TASK DESCRIPTION – Copy all the records word for word, apart from any pictures.

- Opening Delimiter -

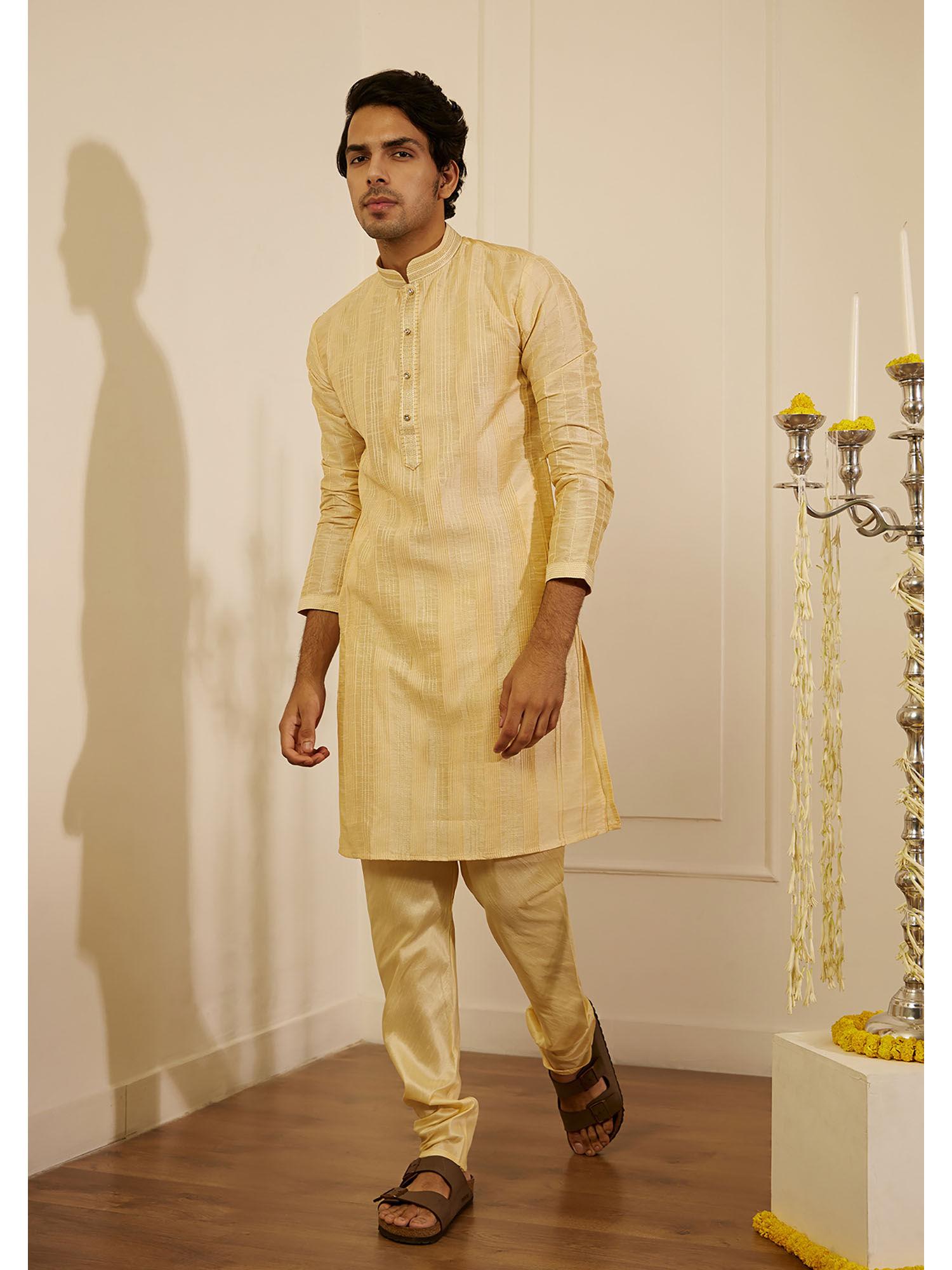 amir silk straight men kurta with pyjama (set of 2)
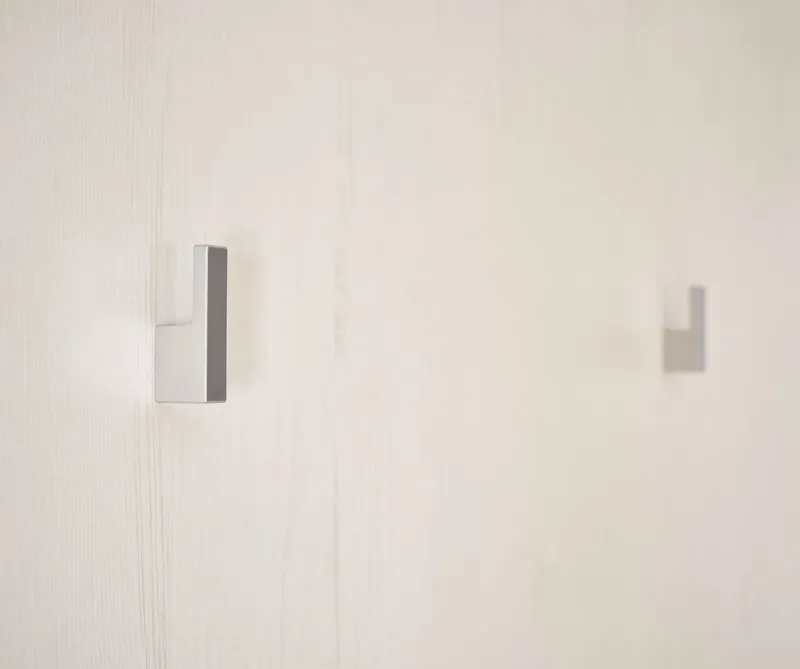 OTTO home Garderobenpaneel Westminster, Wandregal im Landhausstil Flurgarderobe Garderobe Paneel, mit Ablage, Haken & Kleiderstange aus Metall, in 2 Farben erhältlich, Weiß, – Produktbild 1 von 5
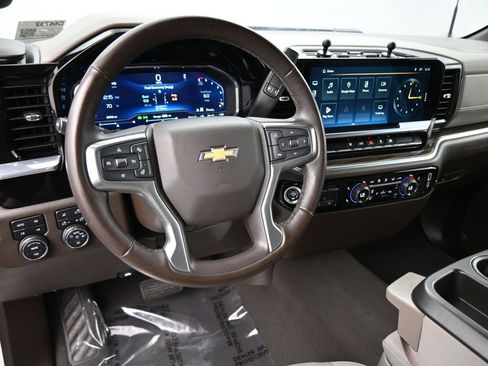 Used 2024 Chevrolet Silverado 3500 LT w/ Convenience Package image 6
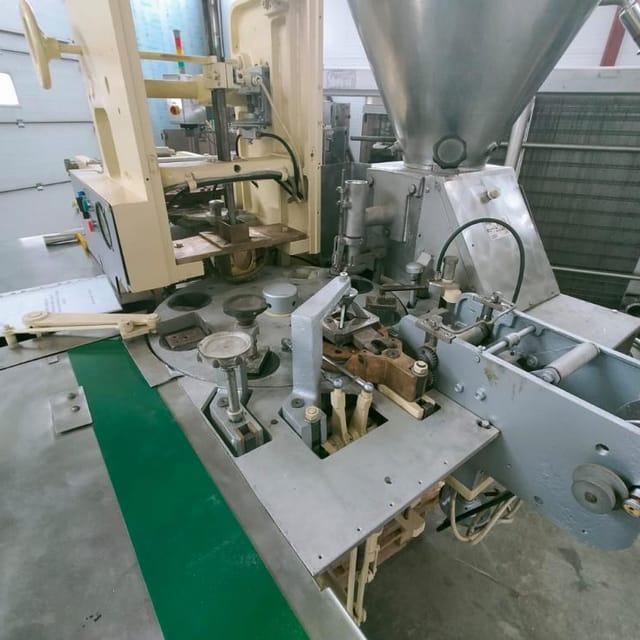 Автомат фасовки и упаковки плавленого сыра М6 АРУ брикет 62,5 или 100гр инв.9128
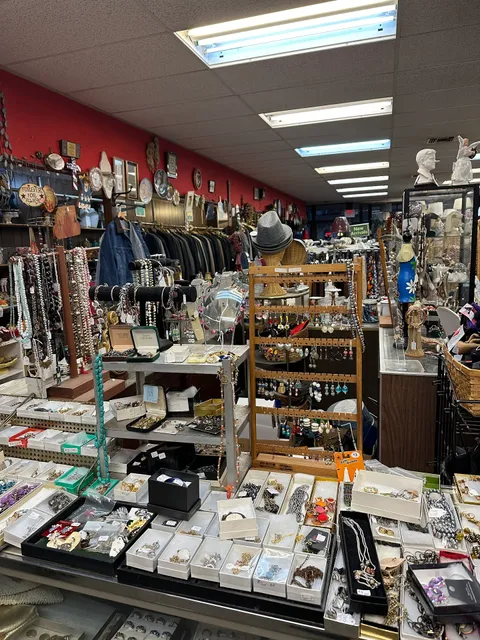 Bucky's / The Closet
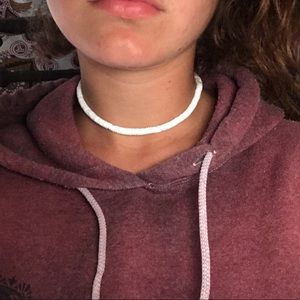 Shell choker necklace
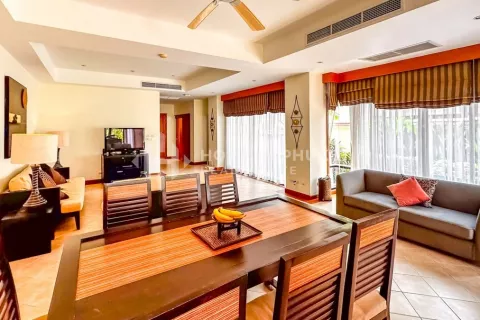 Casa de 3 dormitorios en Phuket, Tailandia № 131284 - foto 5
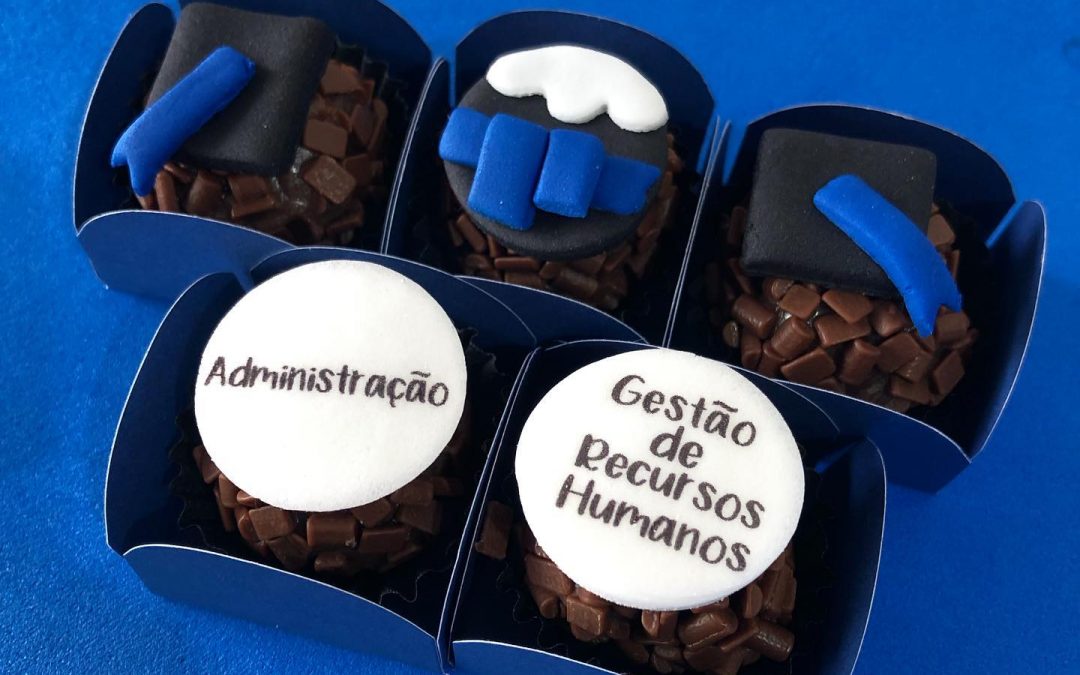 Brigadeiro Decorado – Formatura Administração e Gestão de Recursos Humanos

- Closing Delimiter -

EXERCISE SOLUTION –
 amir silk straight men kurta with pyjama (set of 2)
 OTTO home Garderobenpaneel Westminster, Wandregal im Landhausstil Flurgarderobe Garderobe Paneel, mit Ablage, Haken & Kleiderstange aus Metall, in 2 Farben erhältlich, Weiß, – Produktbild 1 von 5
 Used 2024 Chevrolet Silverado 3500 LT w/ Convenience Package image 6
 Автомат фасовки и упаковки плавленого сыра М6 АРУ брикет 62,5 или 100гр инв.9128
 Bucky's / The Closet
 Shell choker necklace
 Casa de 3 dormitorios en Phuket, Tailandia № 131284 - foto 5
 Brigadeiro Decorado – Formatura Administração e Gestão de Recursos Humanos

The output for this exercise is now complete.